Repository files navigation

Similarity Metrics for Late Reverberation

Companion repository for the paper 'Similarity Metrics for Late Reverberation' presented at ASILOMAR 2024.
Pre-print available on Arxiv [1]

The objective results presented in this study have been computed on the dataset of impulse responses from variable acoustics room Arni at Aalto Acoustic Labs [2] available on Zenodo

This repository contains the code used for

  • Data pre-processing and sub-sampling (get_subset_rirs.py, get_mixing_time.py)

  • Evaluating similarity between RIRs using

    • proposed similarity metrics $\mathcal{L}_{\textrm{PC}}$ and $\mathcal{L}_{\textrm{EDC}}$
    • baselines $\mathcal{L}_{\textrm{MSS}}$ [3] and $\mathcal{L}_{\textrm{ESR}}$

    by analyzing differences in absorption confitions (numclosed_effect.py) and microphone location (mic_position_effect.py)

  • Evaluating the evolution of metrics on gradual differences (smoothness.py)

  • Plotting (./plotting, uses matlab)

Introduction

Accurate tuning of parametric artificial reverberators relies heavily on the choice of cost function, yet common audio similarity metrics do not account for the unique statistical properties of late room reverberation.
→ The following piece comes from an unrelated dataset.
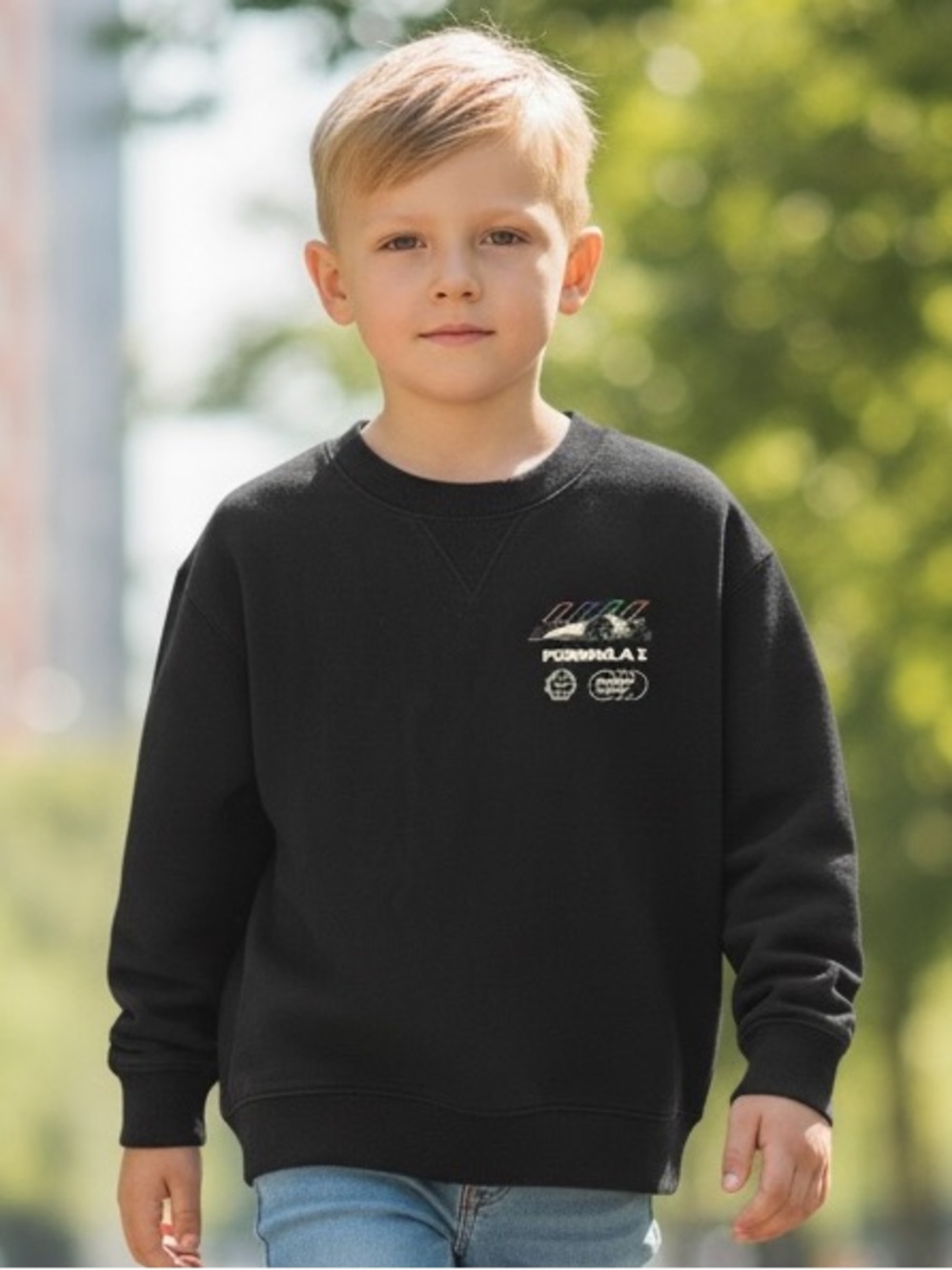 FORMULA 1 Youth Medium (8) Black Crew Neck Sweatshirt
We introduce two novel similarity metrics specifically designed for this purpose, which outperform existing metrics on a dataset of measured room impulse responses (RIRs). We propose a methodology that involves datasets like the Arni dataset to evaluate the performance of these loss functions to capture statistical differences between various absorption configurations, as well as their robustness to changes in microphone position.
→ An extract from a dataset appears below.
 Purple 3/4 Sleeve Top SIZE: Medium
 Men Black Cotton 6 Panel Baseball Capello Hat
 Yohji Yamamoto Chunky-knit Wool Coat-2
Proposed Similarity Metrics

Averaged power convergence

Distance on the time-frequency representation:

$\mathcal{L}_{\textrm{PC}} = \left\lVert \frac{| H(t, f)|^2 * W - |\hat{H}(t, f) |^2 * W}{(| H(t, f) |^2 * W) (| \hat{H}(t, f) |^2 * W)} \right\rVert_{\textrm{F}}$

The squared magnitude short-time Fourier transform of the RIR $h(t)$, $\lvert H(t, f) \rvert^2$, is smoothed by convolving it with a 2D Hann window $W$, to mitigate short-term fluctuations.

Energy decay convergence

Convergence of the energy level over time and frequency:

$\mathcal{L}_{\text{EDC}} = \frac{1}{|\mathcal{C}|}\sum_{f_{\textrm{c}} \in \mathcal{C}} \frac{\sum_{t=0}^L \left( \varepsilon_{\textrm{dB}}(t; f_\textrm{c}) - \hat{\varepsilon}_{\textrm{dB}}(t; f_\textrm{c}) \right)^2}{\sum_{t=0}^L \varepsilon_{\textrm{dB}}^2(t; f_\textrm{c})} $

The energy decay curve (EDC) at each frequency band $\textrm{c} \in \mathcal{C}$, $\varepsilon_{\textrm{dB}}(t; f_\textrm{c})\,$, is normalized to 0 dB to avoid emphasizing differences in noise level.

Dataset of measured RIRs

We used a dataset of measured RIRs from a variable acoustics room [2], pre-processed to remove direct and early reflections, and segmented into 11 subsets based on the absorption configuration. For each partition, we randomly selected 25RIRs, 5RIRs for each of the 5 receiver positions.

References

[1] Dal Santo, G., Prawda, K., Schlecht, S. J., & Välimäki, V. (2024). Similarity Metrics For Late Reverberation. arXiv preprint arXiv:2408.14836.
[2] K. Prawda, S. J. Schlecht, and V. Välimäki, “Calibrating the Sabine and Eyring formulas,” J. Acoust. Soc. Am., 2022 [3] R. Yamamoto, E. Song, and J.-M. Kim, “Parallel WaveGAN: A fast waveform generation model based on generative adversarial networks with multi-resolution spectrogram,” in Proc. IEEE ICASSP, 2020.